Records:
──────────────────────────────
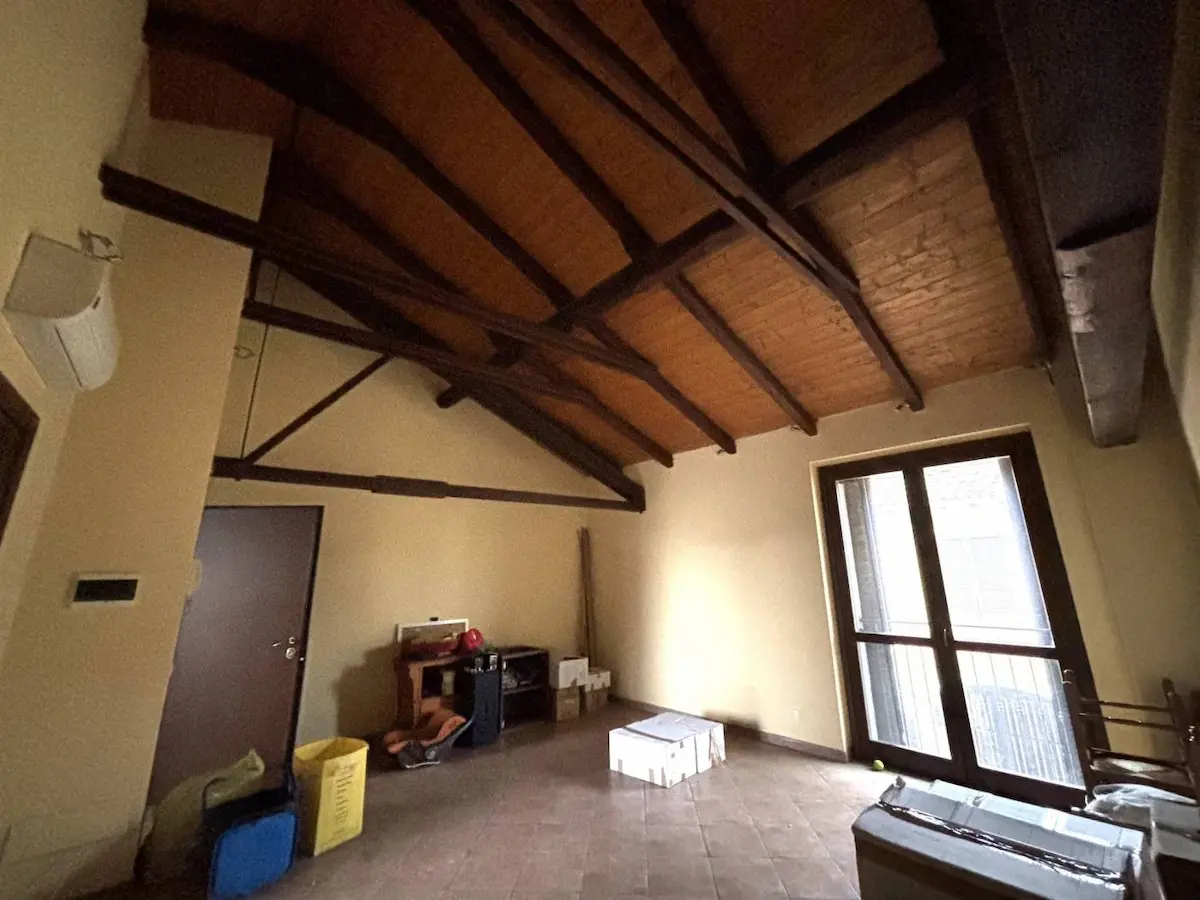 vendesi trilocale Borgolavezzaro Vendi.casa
──────────────────────────────
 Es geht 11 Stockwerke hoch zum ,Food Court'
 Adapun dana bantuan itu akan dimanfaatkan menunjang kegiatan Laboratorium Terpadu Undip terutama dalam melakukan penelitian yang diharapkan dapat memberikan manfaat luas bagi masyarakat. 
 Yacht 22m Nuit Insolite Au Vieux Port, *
──────────────────────────────
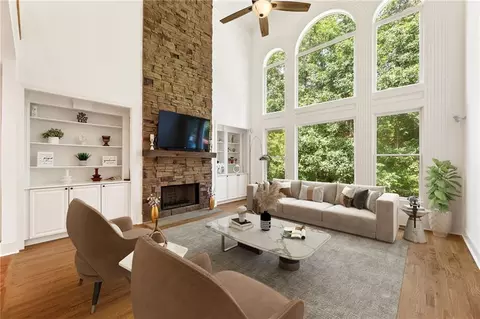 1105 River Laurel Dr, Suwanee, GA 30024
──────────────────────────────
What you are asked to do:
Only one stretch of the records above is wanted: the lines between the one holding "Es geht 11 Stockwerke hoch zum ,Food Court'" and the one holding "Adapun dana bantuan", inclusive, reproduced exactly.

Response:
 Es geht 11 Stockwerke hoch zum ,Food Court'
 Adapun dana bantuan itu akan dimanfaatkan menunjang kegiatan Laboratorium Terpadu Undip terutama dalam melakukan penelitian yang diharapkan dapat memberikan manfaat luas bagi masyarakat. 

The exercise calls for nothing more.